Comment by bdamm
11 hours ago
Not so. Look at the construction of JWST. One side is "hot", the other side is very, very cold.
I am highly skeptical about data centers in space, but radiators don't need to be unshaded. In fact, they benefit from the shade. This is also being done on the ISS.
That's fair. I meant they would need a clear path to open space not blocked by solar panels, but yes, a hot and cold side makes sense.
The whole concept is still insane though, fwiw.
"I meant they would need a clear path to open space not blocked by solar panels, but yes, a hot and cold side makes sense."
This is precisely why my didactic example above uses a convex shape, a pyramid.

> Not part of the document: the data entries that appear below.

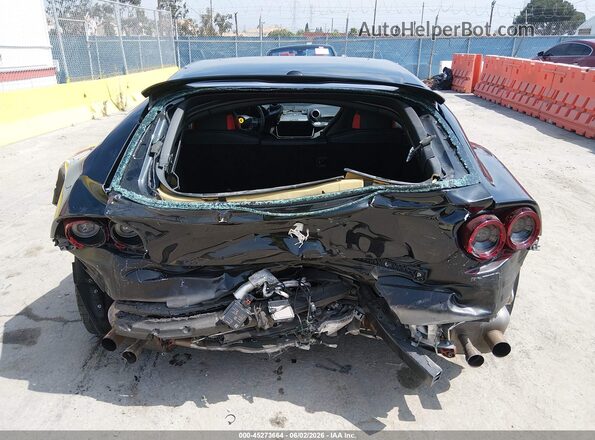 ZFF82YNA2L0256482 2020 FERRARI GTC4 Черный 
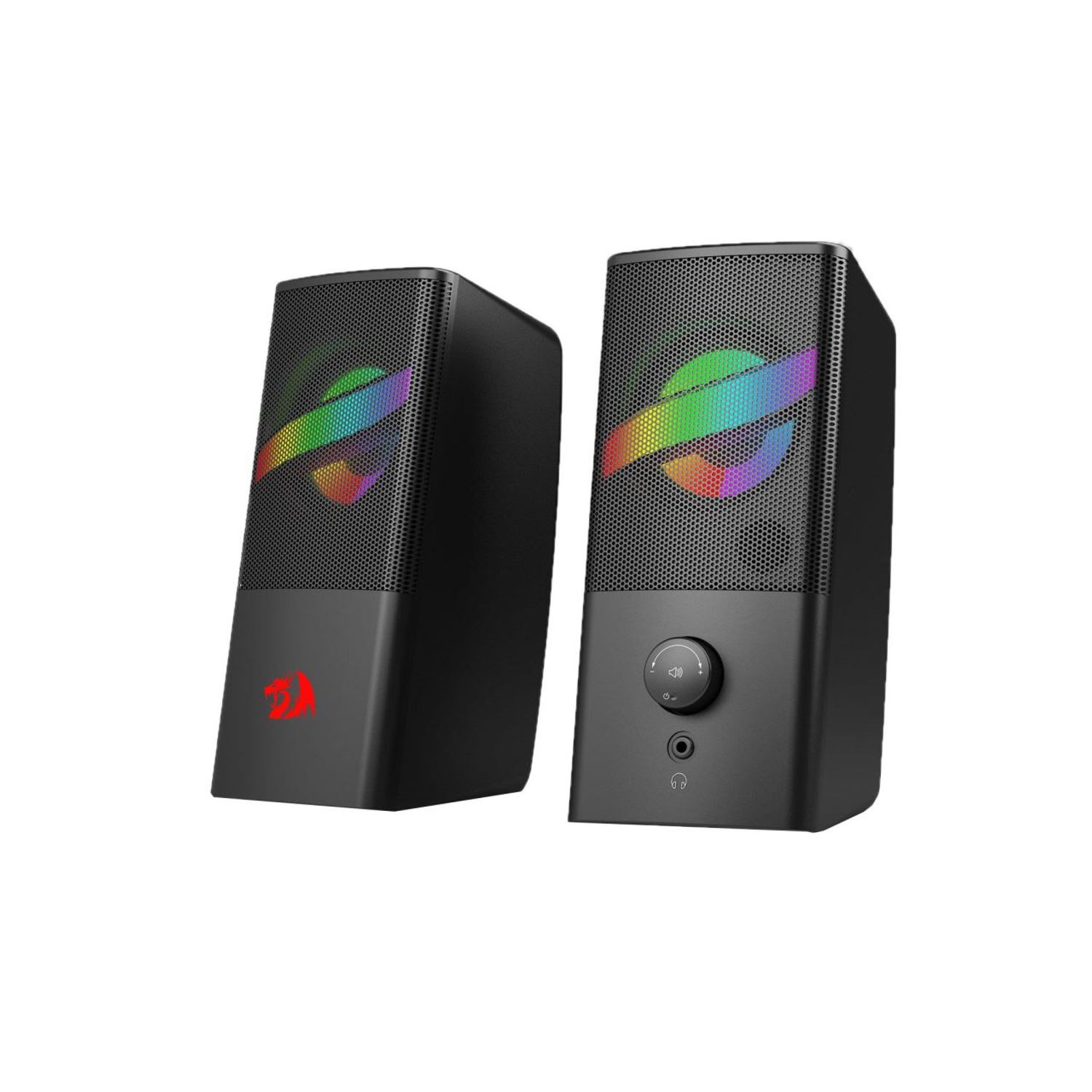 Boxe Redragon Air iluminare RGB negre fotografia produsului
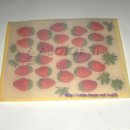 꽃누르미 압화 이미지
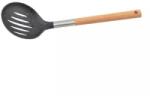 Perfect Home Paleta Rotunda pentru Servire, Maner Lemn, 35 cm, Perfect Home (MRK-14001)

This guarantees each surface absorbs or radiates energy without having to take into account self-obscuring by satellite shape.
Look at how many layers of insulation are needed for the JWST to have a hot and cold side! Again, this is not particularly simple stuff.
The JWST operates at 2kw max. That's not enough for a single H200.
AI datacenters in space are a non-starter. Anyone arguing otherwise doesn't understand basic thermodynamics.
The goal of JWST is not to consume as much power as possible, and perform useful computations with it. A system not optimized for metric B but for metric A scores bad for metric B... great observation.
> Look at the construction of JWST.
A very high end desktop pulls more electricity than the whole JWST... Which is about the same as a hair dryer.
Now you need about 50x more for a rack and hundreds/thousands racks for a meaningful cluster. Shaded or not it's a shit load of radiators
https://azure.microsoft.com/en-us/blog/microsoft-azure-deliv...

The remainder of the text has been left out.